Rachel Bennett

Personal information
- Born: 3 July 2002 (age 23)

Sport
- Sport: Athletics
- Event: Sprint

Achievements and titles
- Personal best(s): 60m: 7.43 (2025) 100m: 11.26 (2025) 200m: 22.87 (2025)

= Rachel Bennett =

British sprinter (born 2002)

Rachel Bennett (born 3 July 2002) is a British sprinter from County Durham. She made her senior international debut for Great Britain at the 2025 European Athletics Team Championships competing in the 200 metres and the women's 4 x 100 metres relay.

==Early life==
She is from Newton Aycliffe in County Durham and attended Barnard Castle School. She competed as a youngster for Shildon Running and Athletics Club.

==Career==
In 2018, she won the Scottish U17 indoor title over 200 metres, and finished fourth England Athletics U17 national indoor championships at that distance. That year, she finished fourth at the England outdoor championship over 100 metres in a personal best time.

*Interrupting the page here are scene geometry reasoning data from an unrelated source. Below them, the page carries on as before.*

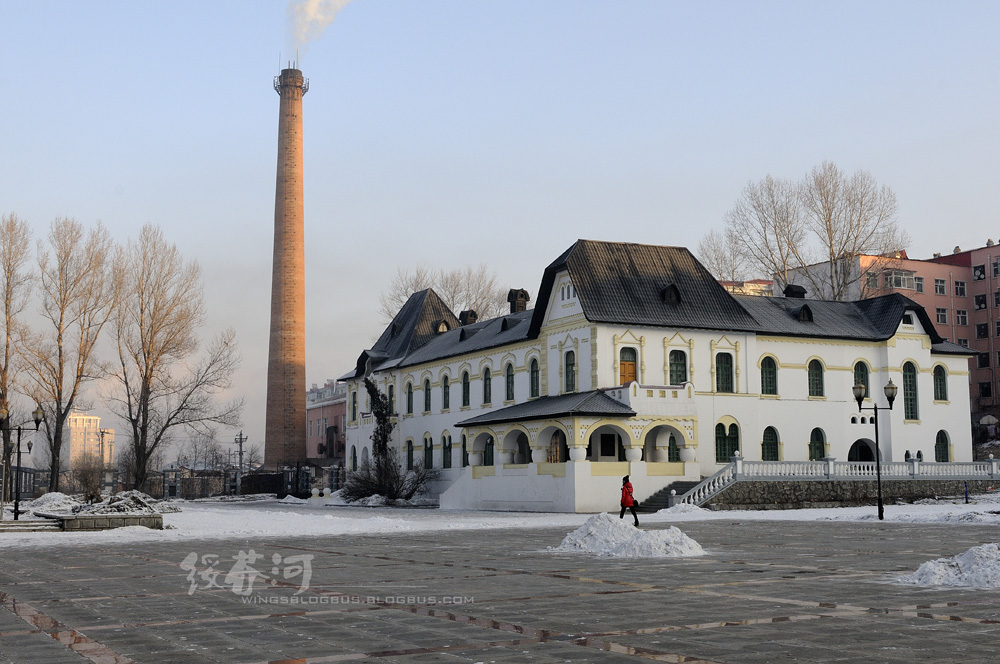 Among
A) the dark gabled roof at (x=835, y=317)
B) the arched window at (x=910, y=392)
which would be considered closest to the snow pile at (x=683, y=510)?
the dark gabled roof at (x=835, y=317)

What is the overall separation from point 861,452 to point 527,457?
15238mm

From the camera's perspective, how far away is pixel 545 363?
1687 inches

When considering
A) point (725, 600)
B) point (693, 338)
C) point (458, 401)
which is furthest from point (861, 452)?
point (725, 600)

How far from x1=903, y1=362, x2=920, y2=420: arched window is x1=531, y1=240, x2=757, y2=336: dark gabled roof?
28.6 feet

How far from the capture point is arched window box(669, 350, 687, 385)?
41.3 meters

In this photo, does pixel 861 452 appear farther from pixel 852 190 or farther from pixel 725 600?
pixel 725 600

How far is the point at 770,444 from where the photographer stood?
43.1 meters

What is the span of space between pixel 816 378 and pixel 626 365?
9829 millimetres

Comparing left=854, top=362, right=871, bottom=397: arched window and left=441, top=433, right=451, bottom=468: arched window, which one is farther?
left=441, top=433, right=451, bottom=468: arched window

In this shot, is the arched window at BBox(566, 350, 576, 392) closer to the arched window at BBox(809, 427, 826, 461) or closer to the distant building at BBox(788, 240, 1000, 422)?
the arched window at BBox(809, 427, 826, 461)

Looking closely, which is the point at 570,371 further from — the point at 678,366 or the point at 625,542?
the point at 625,542

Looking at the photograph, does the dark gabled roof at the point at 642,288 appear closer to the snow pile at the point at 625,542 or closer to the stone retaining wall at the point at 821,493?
the stone retaining wall at the point at 821,493

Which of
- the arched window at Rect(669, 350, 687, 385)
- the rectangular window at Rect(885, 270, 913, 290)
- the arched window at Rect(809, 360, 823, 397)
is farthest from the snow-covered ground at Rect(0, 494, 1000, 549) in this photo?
the rectangular window at Rect(885, 270, 913, 290)

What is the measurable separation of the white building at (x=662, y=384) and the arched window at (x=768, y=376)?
0.06 meters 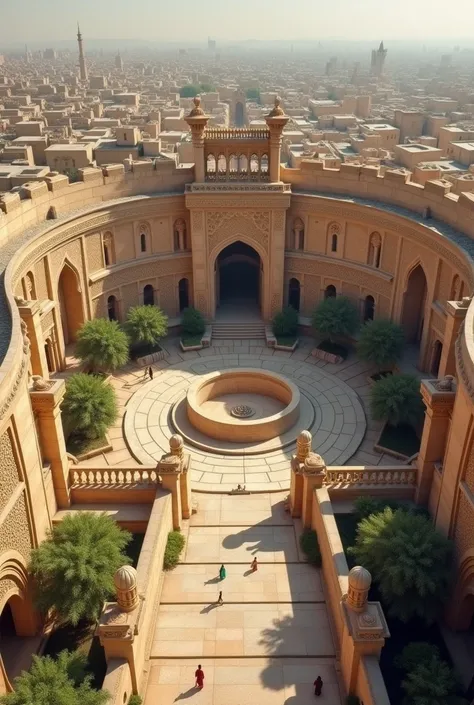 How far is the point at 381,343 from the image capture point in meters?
29.0

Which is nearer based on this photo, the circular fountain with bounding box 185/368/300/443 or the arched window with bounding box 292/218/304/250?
the circular fountain with bounding box 185/368/300/443

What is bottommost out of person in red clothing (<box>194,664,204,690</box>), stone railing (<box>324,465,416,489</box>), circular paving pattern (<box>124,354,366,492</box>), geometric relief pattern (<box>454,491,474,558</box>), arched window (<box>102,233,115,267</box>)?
circular paving pattern (<box>124,354,366,492</box>)

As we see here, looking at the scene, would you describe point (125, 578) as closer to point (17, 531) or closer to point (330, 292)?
point (17, 531)

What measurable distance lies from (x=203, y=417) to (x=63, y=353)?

She finishes fourth overall in the 200 metres at the 2024 British Indoor Athletics Championships in Birmingham. She was also a finalist in June 2024 over 200 metres at the outdoor 2024 British Athletics Championships in Manchester, placing eighth in the final.

She reached the final of the 200 metres again at the 2025 British Indoor Athletics Championships in Birmingham, in February 2025. In May 2025, she won the 200 metres at the Loughborough International whilst competing for England, running a time of 23.74 seconds into a -2.1 mp/s headwind. She lowered her personal best for the 100 metres to 11.26 seconds (+0.2 m/ps) in London in June 2025.

She was selected for her senior international debut for the Great Britain team at the 2025 European Athletics Team Championships in Madrid, Spain, in June 2025. She ran as part of the British 4 x 100 metres relay team which placed eighth overall on 28 June. The following day, she returned to the track and ran a personal best 22.87 seconds (+0.8 m/ps) in the individual 200 metres race, helping the Great Britain team to finish in fifth place overall. On 3 August, she qualified for the final of the 200 metres at the 2025 UK Athletics Championships in Birmingham, placing eighth overall.